EXERCISE DESCRIPTION: Nothing outside the range below should be printed. Output exactly the lines from the line with "A serene outdoor garden space with seating" to the line with "Daniel Wellington Iconic", both included.

RECORDS FOR PROCESSING:
◇ ◇ ◇

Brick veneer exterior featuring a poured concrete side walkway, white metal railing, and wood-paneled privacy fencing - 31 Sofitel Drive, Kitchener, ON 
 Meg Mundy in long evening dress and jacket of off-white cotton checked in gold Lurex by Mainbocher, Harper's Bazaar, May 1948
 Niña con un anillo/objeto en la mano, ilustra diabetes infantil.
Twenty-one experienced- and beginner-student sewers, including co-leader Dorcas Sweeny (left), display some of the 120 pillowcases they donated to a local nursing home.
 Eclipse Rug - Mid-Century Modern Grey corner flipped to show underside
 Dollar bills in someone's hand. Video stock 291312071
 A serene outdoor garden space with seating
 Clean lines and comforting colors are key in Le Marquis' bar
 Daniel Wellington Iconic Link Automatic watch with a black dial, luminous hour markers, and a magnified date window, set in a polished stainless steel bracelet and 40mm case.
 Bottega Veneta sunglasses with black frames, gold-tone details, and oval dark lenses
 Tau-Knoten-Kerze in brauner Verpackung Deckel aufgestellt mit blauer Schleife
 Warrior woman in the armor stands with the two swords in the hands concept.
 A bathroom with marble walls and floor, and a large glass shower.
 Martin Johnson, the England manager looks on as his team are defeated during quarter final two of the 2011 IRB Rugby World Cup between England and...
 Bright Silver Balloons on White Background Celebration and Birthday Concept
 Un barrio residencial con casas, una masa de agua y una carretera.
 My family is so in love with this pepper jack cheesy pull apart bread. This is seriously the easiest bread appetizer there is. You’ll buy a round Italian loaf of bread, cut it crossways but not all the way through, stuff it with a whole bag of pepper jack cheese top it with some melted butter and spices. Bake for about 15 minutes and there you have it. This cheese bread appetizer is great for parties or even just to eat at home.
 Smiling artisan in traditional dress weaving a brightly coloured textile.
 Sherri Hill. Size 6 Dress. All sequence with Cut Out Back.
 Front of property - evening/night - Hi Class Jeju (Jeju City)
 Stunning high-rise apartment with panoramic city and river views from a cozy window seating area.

◇ ◇ ◇

TASK ANSWER:
 A serene outdoor garden space with seating
 Clean lines and comforting colors are key in Le Marquis' bar
 Daniel Wellington Iconic Link Automatic watch with a black dial, luminous hour markers, and a magnified date window, set in a polished stainless steel bracelet and 40mm case.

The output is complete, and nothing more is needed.